Share Your Baby Parade Experiences With The AP Historical Society
Whether you’ve ever attended the event, which has had a few revivals, or recall anything about the parades, then Kate DelVecchio, a member of the Asbury Park archives committee, would love to hear from you. DelVecchio, a masters’ degree student in the Urban Studies program at Fordham University in New York, is researching the Baby Parade in preparation for an upcoming project on the famous event.
“If you remember what it was like to be there, recall hearing about it from others, or have photos and mementos, I would love to hear from you,” she said. There is an Aug. 2 deadline for providing information or artifacts.
The Asbury Park Baby Parade was created at the end of the 19th century by two city residents. The parade grew in popularity and eventually got national attention. Prizes could include a brand new automobile. The parade discontinued at various times in the 20th century, such as during World War II and the Korean War. After the Korean War, the parade was resurrected but did not last long. Another attempt was made to bring the parade back in the 1960s but, that too, did not result in much.

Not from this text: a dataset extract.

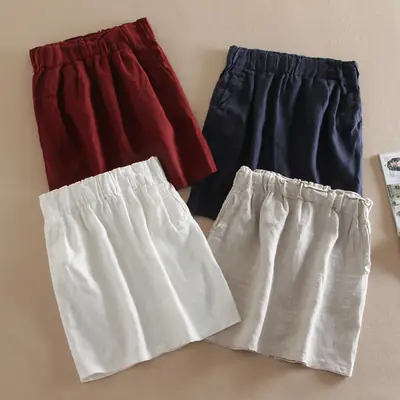 Korean Style Slim Fit Linen Short Skirt for Women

“In its heyday this was an Asbury Park event that received national coverage and it is an important part of Arbury Park’s history,” DelVecchio said. To contact her, send an e-mail to firstname.lastname@example.org or call 973-747-9568 by August 2.
“Any artifacts donated to the Asbury Park Historical Society will be part of an exhibit at the Hall of Records in Freehold in the future,” archives committee member Don Stine said.